Anna Przybylska pokazuje piersi w komedii Bilet na Księżyc
Czy w każdej jej roli jest golizna?
Anna Przybylska narzeka na natrętnych paparazzich ale nawet bez ich aktywności byłoby co oglądać w sieci, bo aktorka pokazuje wiele zupełnie otwarcie.
Widzieliśmy ją nago już w tylu filmach, że niemal normą jest rola Anny z golizną wpisaną w scenariusz.
Co ciekawe, piersi gwiazdy bardzo wyładniały. Można powiedzieć, że po każdej ciąży i karmieniu piersią są coraz pełniejsze i bardziej jędrne. Wbrew naturze? Na pewno nie wbrew dzisiejszym możliwościom.
Przybylska nigdy nie potwierdziła, że poprawiała biust, ale w rozmowie z magazynem Cosmopolitan postawiła sprawę dość jasno:
– Absolutnie nie mam zastrzeżeń! Przecież mamy XXI wiek!! Sobie robię i za swoje, więc kogo to obchodzi? Jeśli ja się z tym dobrze czuję, to nikomu nic do tego!
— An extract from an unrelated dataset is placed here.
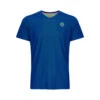 BIDI BADU Evin Tech Round-Neck T-Shirt Boys -Tennis Serie Shop 00618000 000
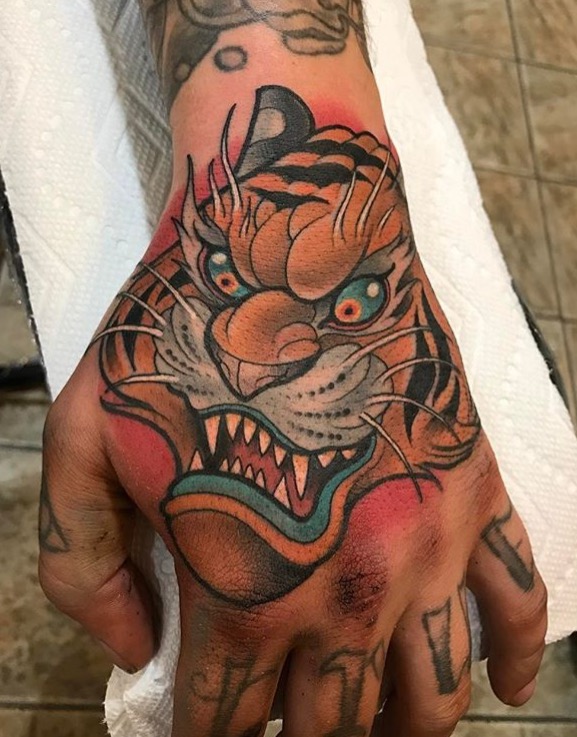 Memento Tattoo and Gallery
Może gdyby Anna schowała biust pod koszulką, ludzie przestaliby się emocjonować tymi dwoma przemiotami wielkiego zainteresowania…
W nowej produkcji Jacka Bromskiego Przybylska znowu pokazuje piersi. W komedii Bilet na Księżyc wcieliła się w striptizerkę. Jak wypadła? Na razie widzimy, jak wypadł jej biust: rewelacyjnie.